El emperador contemplaba el hermoso rostro de Zenobia; su brillante cabello negro estaba cubierto con un pañuelo de seda. Habían pasado varios años desde que la viera por primera vez en Palmira pero no había perdido un ápice de su extraordinaria belleza. En verdad que ningún hombre en el mundo podía mostrarse indiferente ante la que fuera reina de Oriente.

—Yo también tuve un esposo.

—Un fiel servidor de Roma. Debiste haber aprendido de él y seguir su camino. Si te hubieras mantenido fiel a Roma, ahora seguirías siendo la señora de Palmira y no una cautiva.

—Mi esposo anhelaba una Palmira libre y yo no hice otra cosa que llevar adelante su plan.

—Si no hubiera sido asesinado, tal vez las cosas hubieran sido diferentes.

—Yo no tuve nada que ver con su muerte, si eso es lo que insinúas. Los romanos me acusasteis de ser la instigadora de su muerte y divulgasteis toda una sarta de mentiras y falsedades para perjudicarme y poner así a la gente de Palmira en mi contra —protestó Zenobia.

—Tal vez alguno de mis predecesores así lo creyera, pero yo estoy seguro de que el asesinato de tu esposo no fue promovido por ti; en caso contrario hubiera ordenado que te ejecutaran como responsable de la muerte de un leal servidor de Roma.
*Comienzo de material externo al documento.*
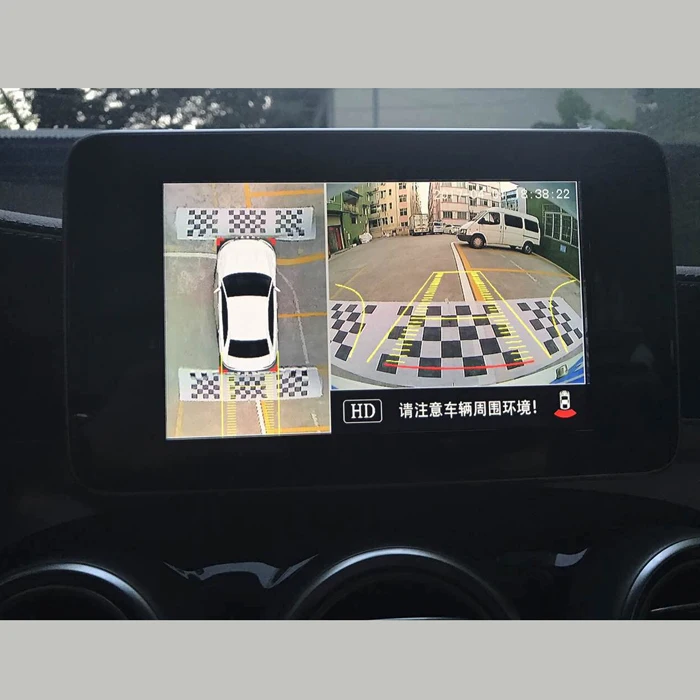 360 Degree Camera Car Parking Asisstance system Video Interface Kit For Mercedes Class A W176 Comand Audio 20 NTG 5.0 System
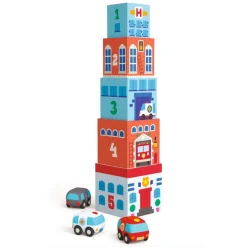 Djeco Stacking Blocks - TopaniCar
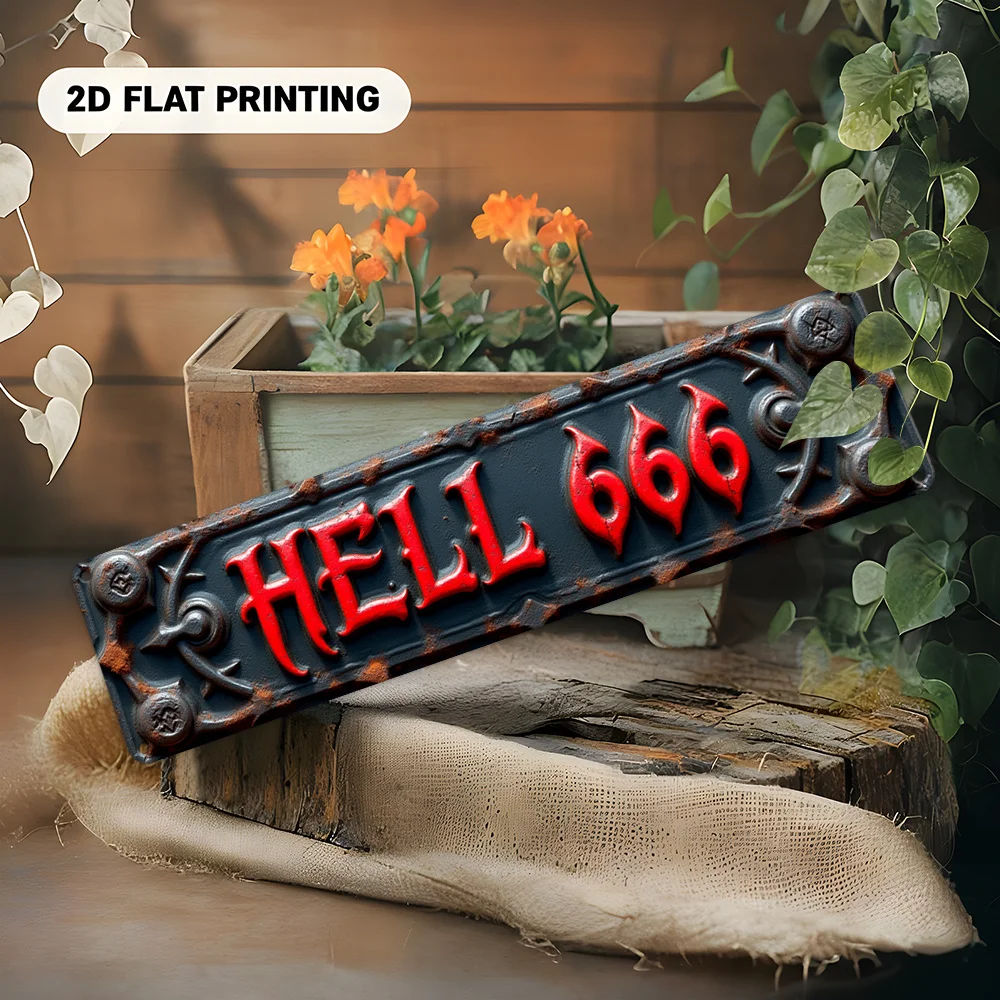 Tin Sign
Pero tampoco creo que fuera obra de ese pariente suyo.

—Meonio —precisó Zenobia.

—… Meonio, sí; se trataba de un tipo demasiado insignificante como para tramar la muerte de Odenato por sí solo.

—¿Y quién crees que fue el asesino?

—Los persas, por supuesto. Eran ellos quienes más ganaban con la desaparición del caudillo que los había vencido en todos los combates y había devuelto a Roma la seguridad en las fronteras del Eufrates. Sapor estaba convencido de que si Odenato encabezaba el mando del ejército romano en Oriente, Persia acabaría cayendo en poder de Roma.